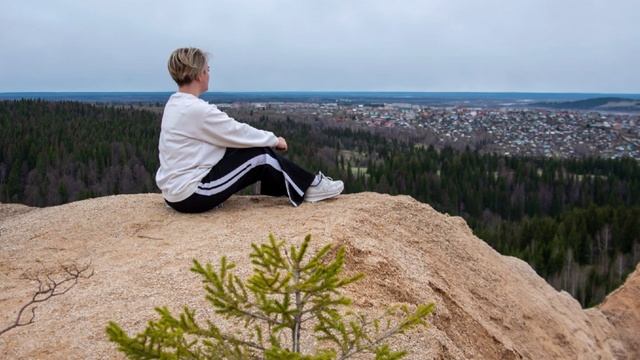 "ТЕМ ВРЕМЕНЕМ, В ЧУСОВОМ"... (Фото группы "ЧУСОВОЙ. ПЕРМСКИЙ КРАЙ"), музыка в стиле AMBIENT NIGHTS)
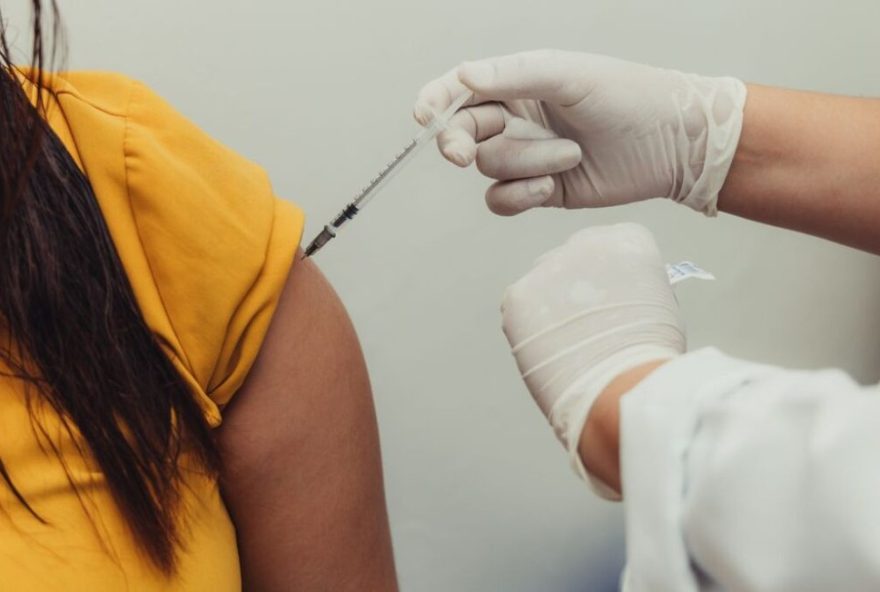 vacinacao-contra-gripe-e-ampliada-em-cidades-do-vale-de-sp3A-saiba-mais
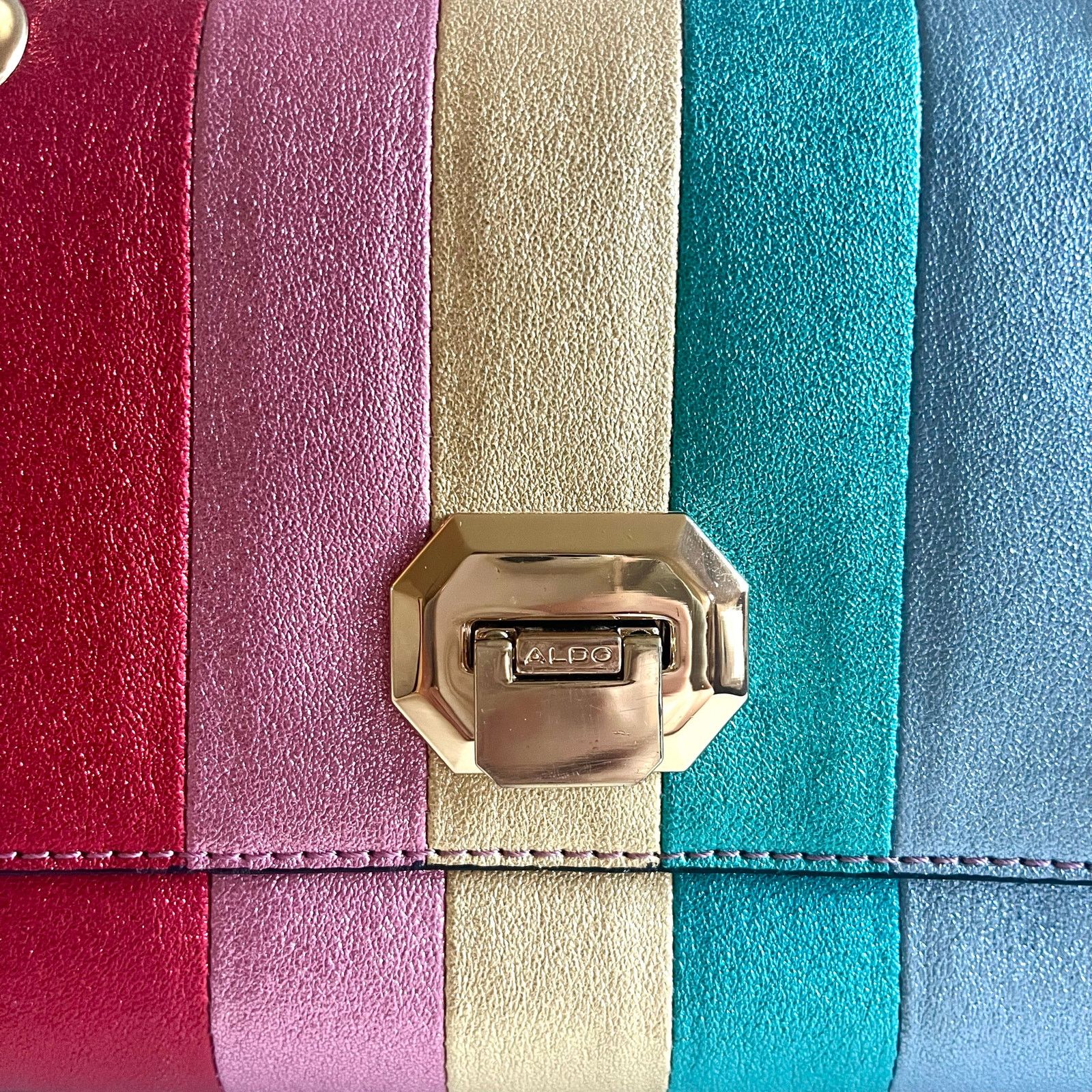 Aldo ALDO RAINBOW Cambareri Shoulder Bag, NWOT Size ONE SIZE - 4 Thumbnail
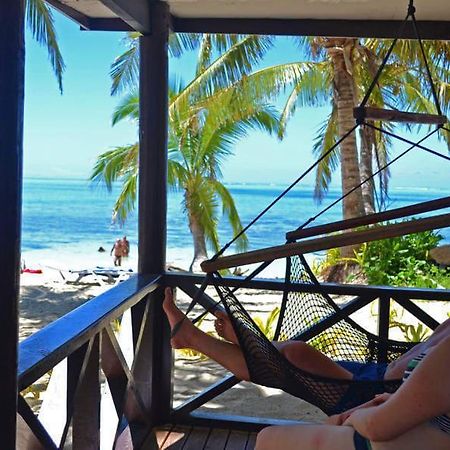 Ratu Kini Dive & Stay Mana Island Exterior photo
·····
TO DO – Omitting all pictures, restate word for word the lines from the one containing "Aldo ALDO RAINBOW" through the last line of the data.

TASK SOLUTION –
 Aldo ALDO RAINBOW Cambareri Shoulder Bag, NWOT Size ONE SIZE - 4 Thumbnail
 Ratu Kini Dive & Stay Mana Island Exterior photo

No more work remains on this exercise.